■ PROMPT ■
Go through the data below and transcribe it exactly. Omit the images.

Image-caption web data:
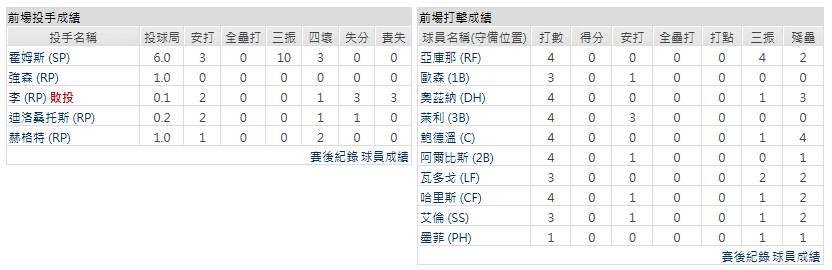 主隊-亞特蘭大勇士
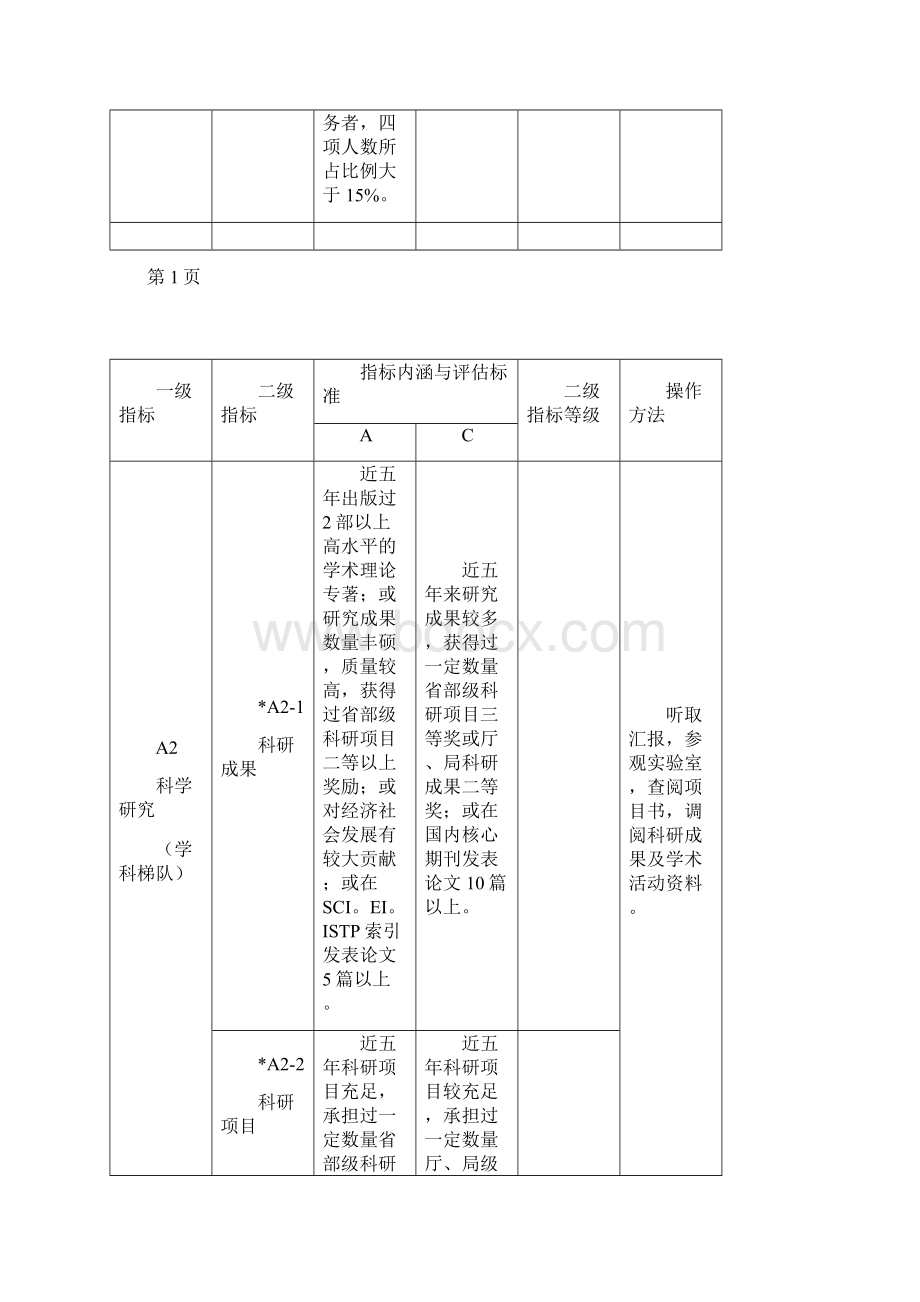 山东省硕士学位授权点评估指标体系Word文档下载推荐.docx_第3页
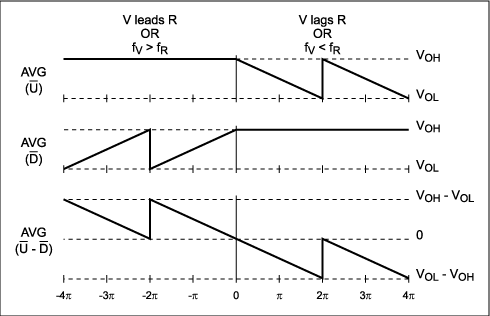 Figure 2. Ideal response of the MAX9382 phase / frequency detector.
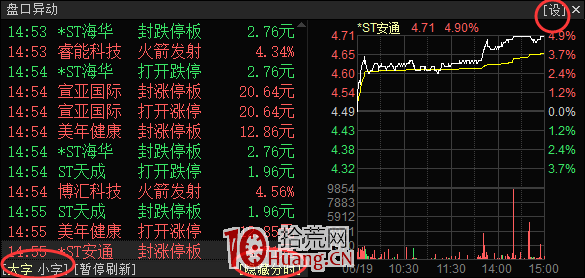盯盤技術之:盤口異動怎麼設置(圖解) 盯盤技術之:盤口異動怎麼設置(圖解),拾荒網
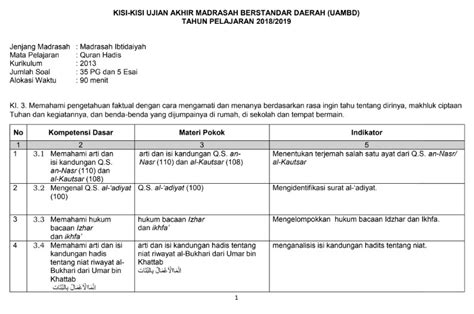 Pilihlah jawaban yang paling tepat dengan memberi tanda silang (x)! Silabus Hadist Mi Kurikulum 2013 Tentang Niat Kelas 6 ...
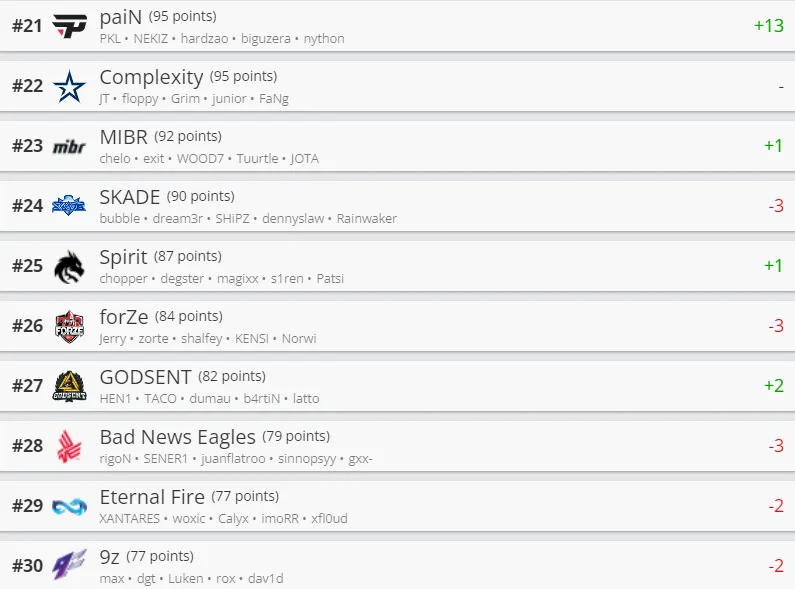 Лучшие команды мира по CS:GO по версии HLTV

■ EXERCISE SOLUTION ■
 主隊-亞特蘭大勇士
 山东省硕士学位授权点评估指标体系Word文档下载推荐.docx_第3页
 Figure 2. Ideal response of the MAX9382 phase / frequency detector.
盯盤技術之:盤口異動怎麼設置(圖解) 盯盤技術之:盤口異動怎麼設置(圖解),拾荒網
 Pilihlah jawaban yang paling tepat dengan memberi tanda silang (x)! Silabus Hadist Mi Kurikulum 2013 Tentang Niat Kelas 6 ...
 Лучшие команды мира по CS:GO по версии HLTV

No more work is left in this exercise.